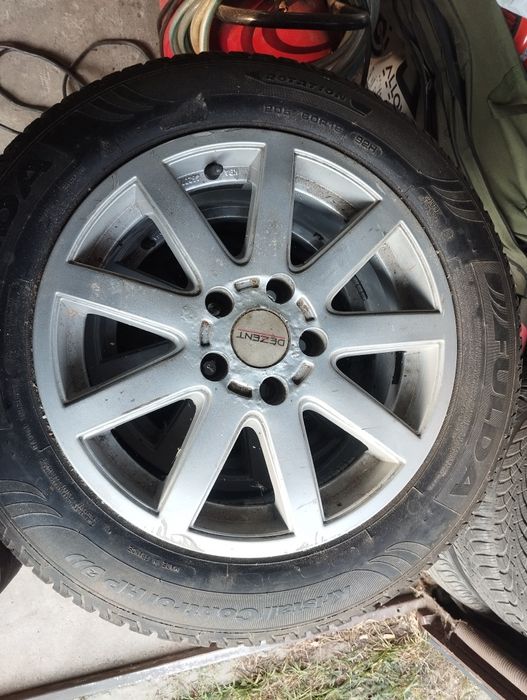 Sprzedam koła zimowe Audi VW Skoda Seat 5x112 205/60/R16
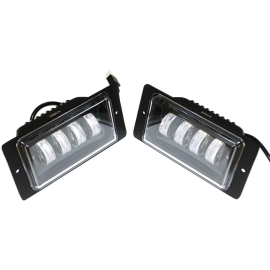 Противотуманные LED фары AllLight HPG-050-02 для ВАЗ 2110, фото 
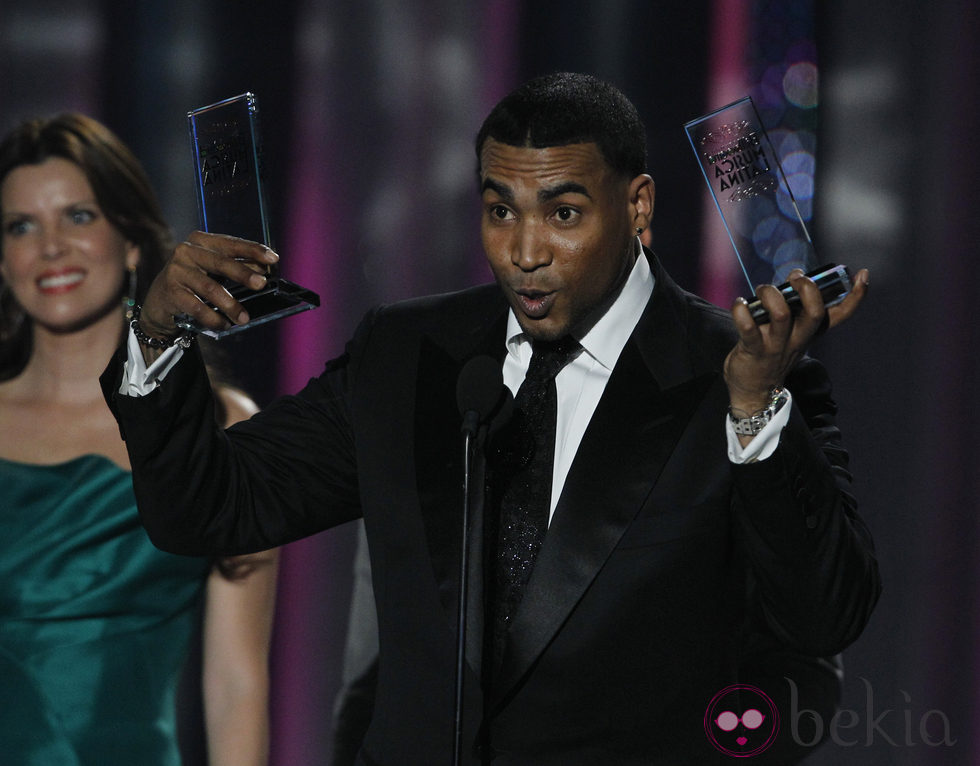 Don Omar en los Premios billboard 2012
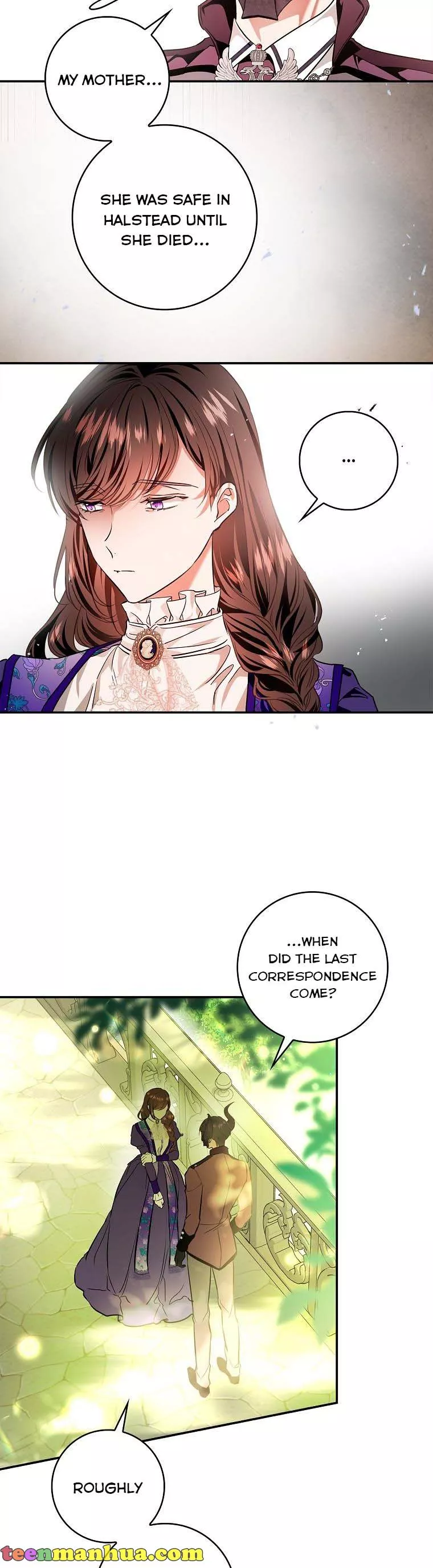 My Husband Hides His Beauty Chapter 90.5 page 5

THE PROBLEM: Take the lines from the one holding "Don Omar en los Premios billboard 2012" through the last line of the data above and copy them exactly, both ends included, omitting all pictures.

ANSWER SPACE:
 Don Omar en los Premios billboard 2012
 My Husband Hides His Beauty Chapter 90.5 page 5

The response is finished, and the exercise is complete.